What is a woman’s worth



I recently took a trip to the pastoralist world in Southern Ethiopia, a beautiful community with beautiful people and culture. One thing stuck me though. I have always thought of pastoralists women as weak helpless women who had many children and spent the whole day taking care of goats and sheep. I was dead wrong.



In Yabello I met women of all types. But what really surprised me is how strong those women are. These are women who walk for long distances (sometimes as far as 30 kilometres) looking for water for both domestic and animal consumption looks after the children, cook and feed their large families. On average these women have 6 children and many of them have to live with the fact that whenever their husbands are away they get women on the side and sometimes marry them.
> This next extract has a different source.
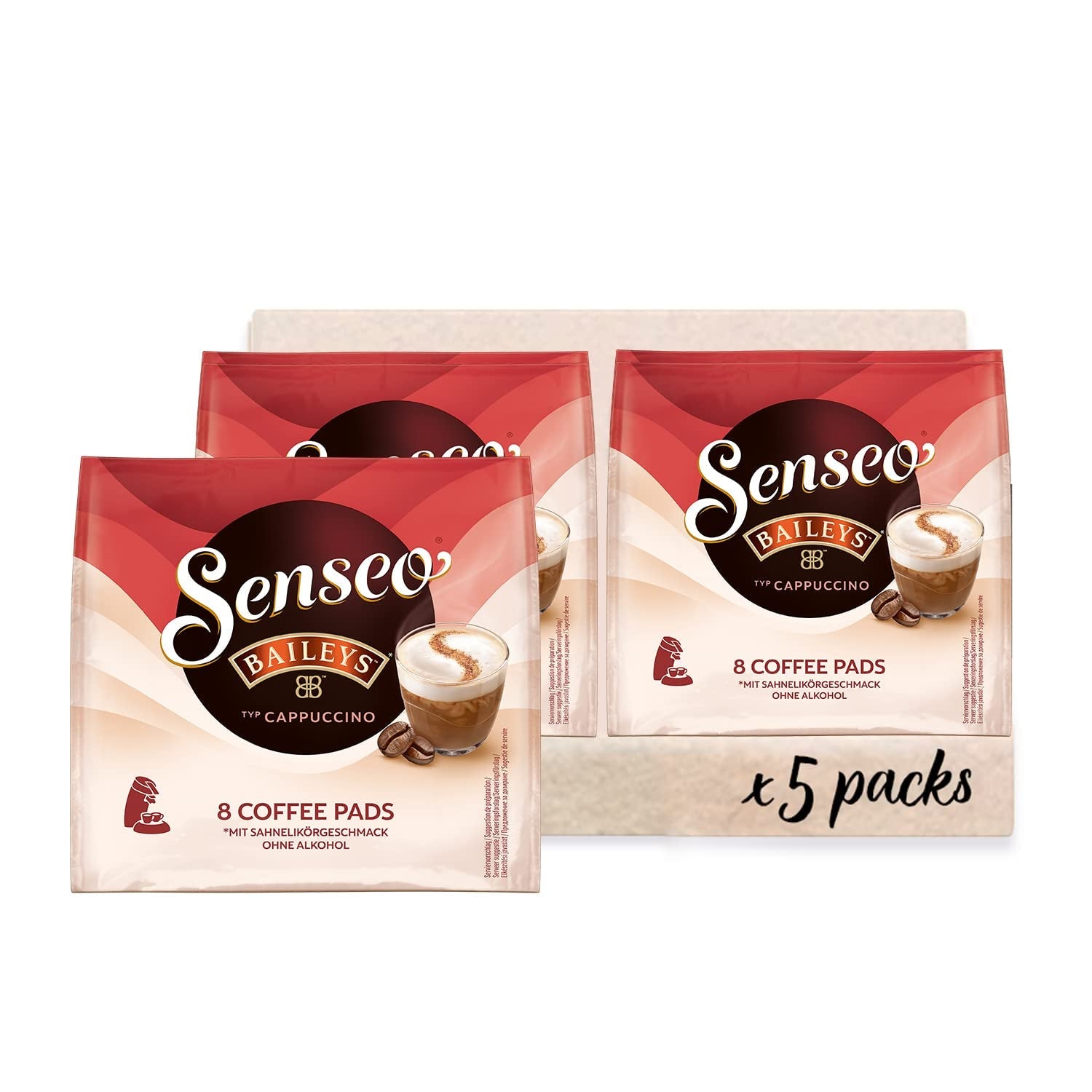Płatki Senseo Typ Cappuccino Baileys, 5 x 8 Getränke, 40 kapsułek Kaffeepads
These women also participate in community activities like digging water wells and rehabilitating the preserved community grazing land, performing the same tasks as the men. For me , strong does not begin to describe these women. These are the people who should be role models in the world to date. They might be uneducated but these women are sharp and their experiences have taught them probably more about life than I got in my post graduate class.
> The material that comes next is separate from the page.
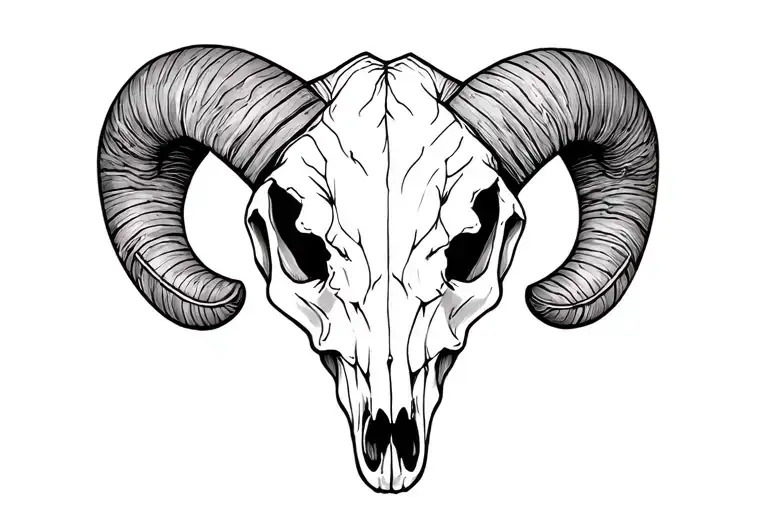 ram skull tattoo design idea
I attended one of the biggest markets in the region and I met Wario Liban, a woman who also wears the hat of the family business manager, whenever the family wants to sell any livestock she is the one who negotiated the price in the market, performs the transaction and decides how the family should spend the money.
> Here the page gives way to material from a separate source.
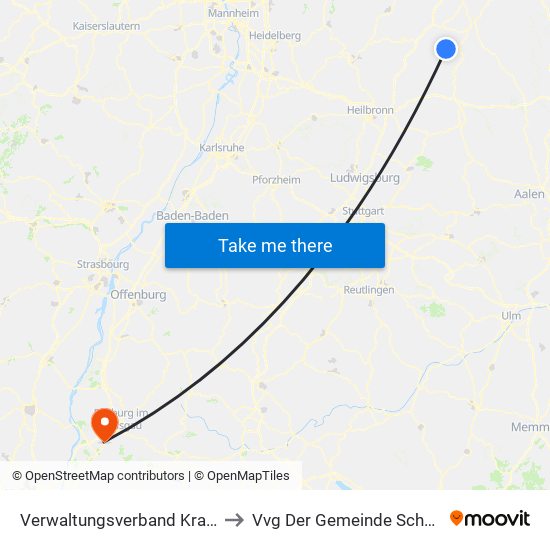 Verwaltungsverband Krautheim to Vvg Der Gemeinde Schallstadt map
When I asked the husband how she felt that the wife was amongst the few women handling money in the community he said “Let all those who want to laugh do it, it is a fact that my wife is better in business than I am so I let her handle it, I would be a fool not to”.



After spending time with these women, I realized one thing. The power of a woman can be felt all over, from the university classrooms, civil society organizations, big corporate to the small villages in the remote pastoralists communities.



Women hold this world in their hands and many are now beginning to realize this. Stereotypes and labels cannot hold women down!